Звон в камере. Звонят в колокола. Что это? Ясное весеннее небо. Солнце ласкает, целует свое теплотой лицо. Как ярко кругом, как все сверкает жизнью! Она — маленькая девочка, она в саду… Кусты роз расступаются перед ней… Но отчего же это томительное страдающее чувство в ее груди, боль страшной обиды? Предчувствие ли это того, что будет, или смутное воспоминание того, что свершилось когда-то и поглощено океаном времени.

И она знает, что как бы радостно ни звонили колокола, как бы ни сверкало солнце, как бы ни алели своими душистыми лепестками розы, вечно в ее душе будет этот тяжелый камень, этот мрак, это невысказанное горе.
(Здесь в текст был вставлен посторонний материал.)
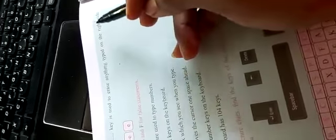Dash keys are marked from F1 to F12 — so function keys, F-U-N-C-T-I-O-N. And the next one: which dash key is used to erase anything typed on the right side of the cursor — this is nothing but the delete key, D-E-L-E-T-E.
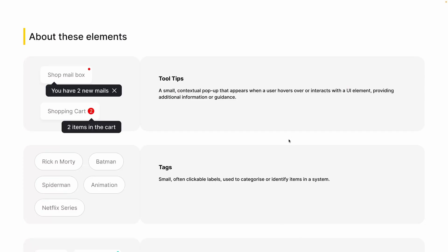Firstly, we are going to talk about tooltips — small contextual popups that appear when a user hovers or interacts with a UI element, providing additional information or guidance. There are two types: one which appears on its own and remains until you close it or click on the entry point, and one on hover where the tooltip appears while hovering and then hides when you move your cursor out of the element.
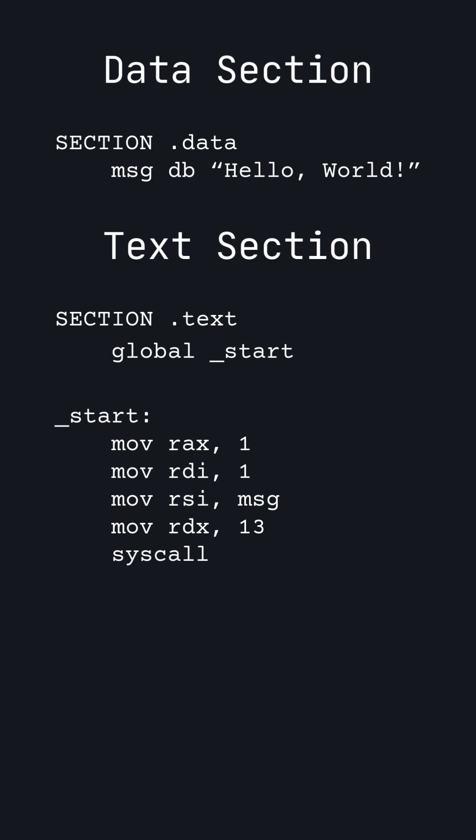Next, we will use syscall number 60, which exits the program. The exit syscall takes in an argument, which is the error code. The error code is useful for debugging because after a program runs, if it fails, you can tell why by reading the error code.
Но кто это утешает ее? Да, это он… Только он может снять с ее души это бремя. И она уже не девочка: она такая же, как была.

Она ничего не говорит, она плачет, но он понимает ее без слов. И все мрачнее и мрачнее становится его лицо, обрываются его ласки, он отходит от нее, и она не в силах, не смеет протянуть ему руки.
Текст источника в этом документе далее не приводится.